▸ EXERCISE AIM:
Write out each entry below exactly; the images do not belong in your copy.

══ INPUT FOR THIS TASK ══

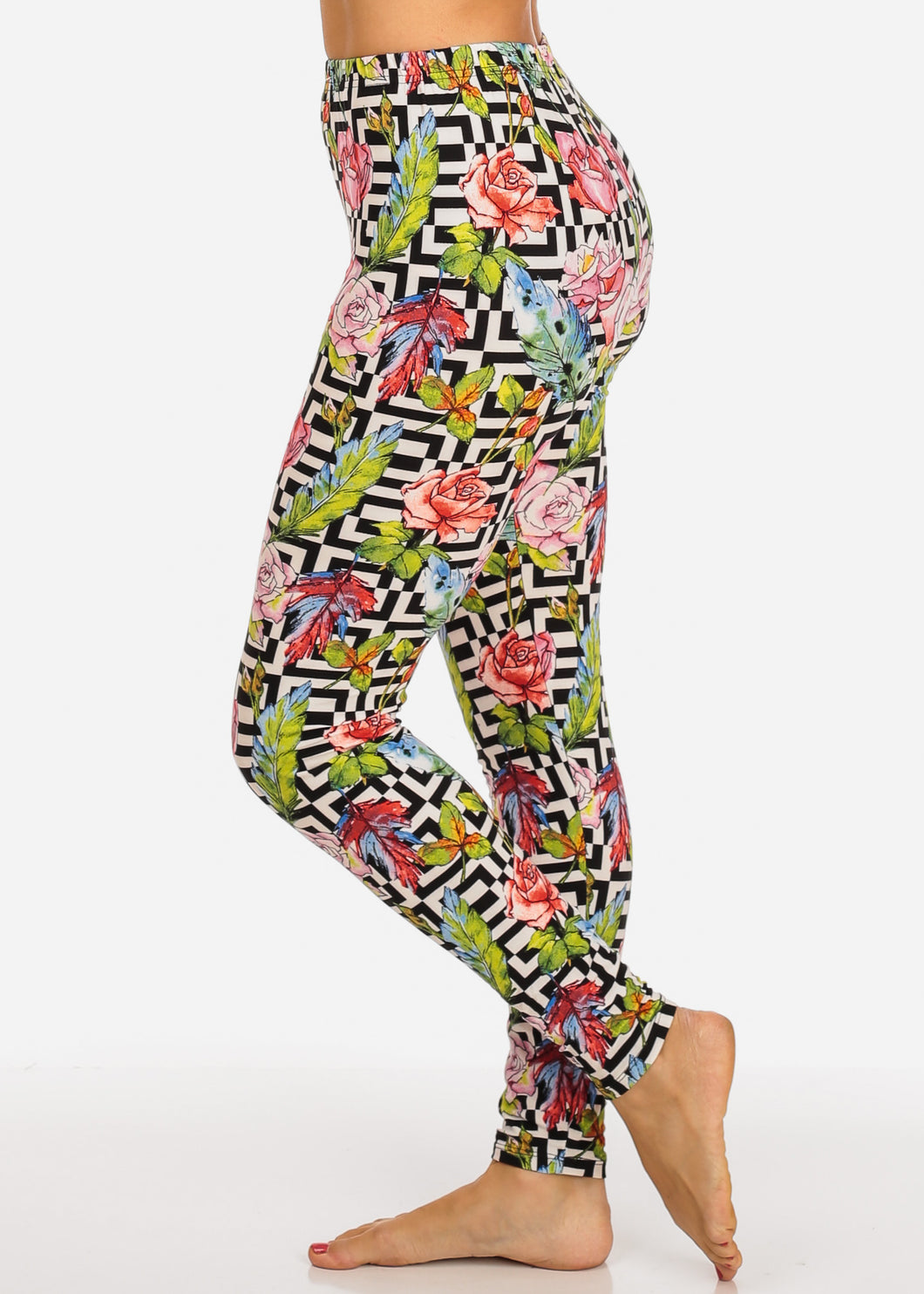 Blossom Pattern Multi Color Women's Leggings Skinny Leg Pants F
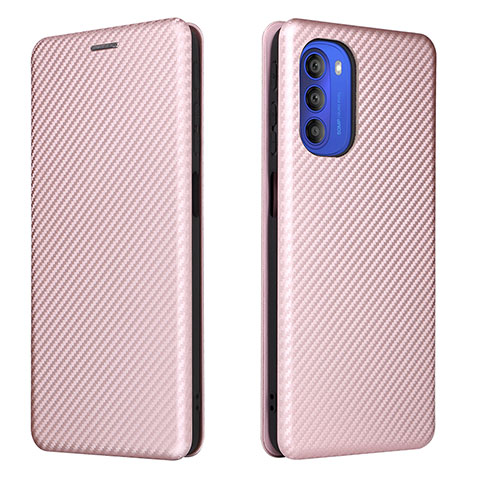 Coque Portefeuille Livre Cuir Etui Clapet L02Z pour Motorola Moto G51 5G Or Rose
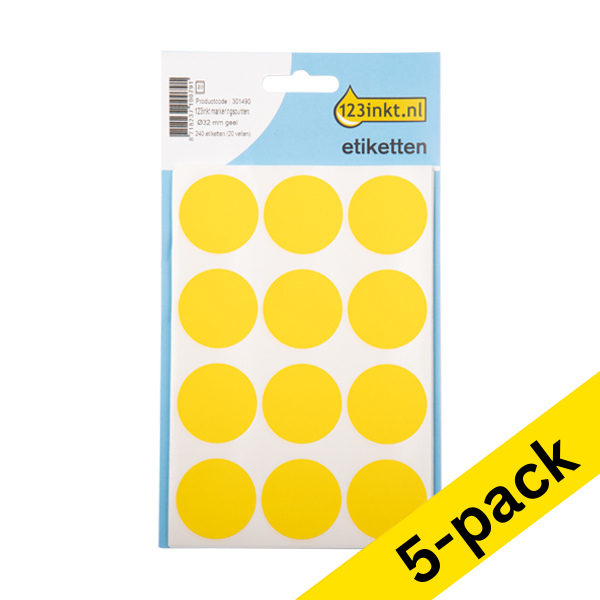 123ink yellow marking dots, Ø 32mm (240 labels) (5-pack) 301524 - 1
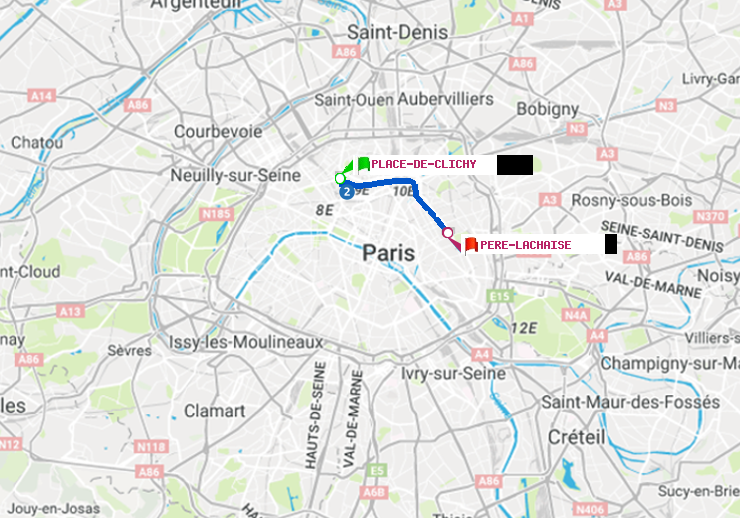 plan itinéraire ratp de Place de Clichy à Père-Lachaise
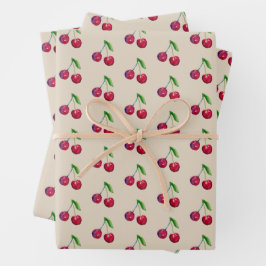 Retro Cherries Verpackung Hübsche Taupe Weihnachte Geschenkpapier Set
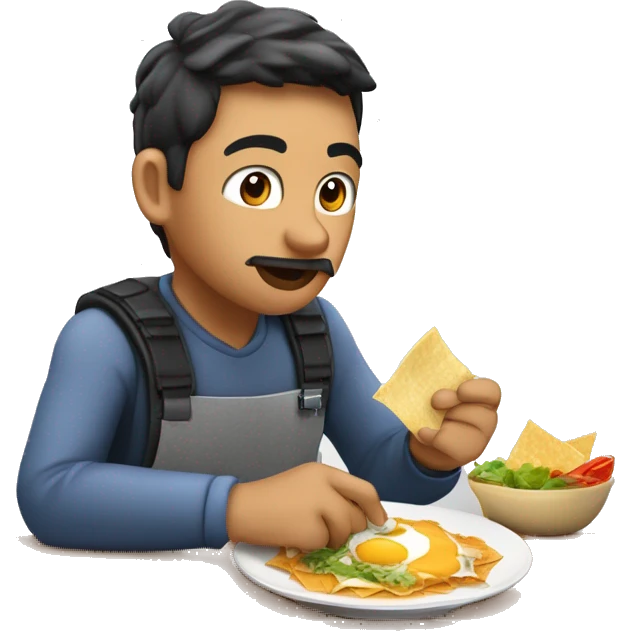 Delfín estudiante de bachillerato comiendo chilaquiles en un puesto de comida callejera mexicana emoji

═══

▸ RESPONSE AREA:
 Blossom Pattern Multi Color Women's Leggings Skinny Leg Pants F
 Coque Portefeuille Livre Cuir Etui Clapet L02Z pour Motorola Moto G51 5G Or Rose
 123ink yellow marking dots, Ø 32mm (240 labels) (5-pack) 301524 - 1
 plan itinéraire ratp de Place de Clichy à Père-Lachaise
 Retro Cherries Verpackung Hübsche Taupe Weihnachte Geschenkpapier Set
 Delfín estudiante de bachillerato comiendo chilaquiles en un puesto de comida callejera mexicana emoji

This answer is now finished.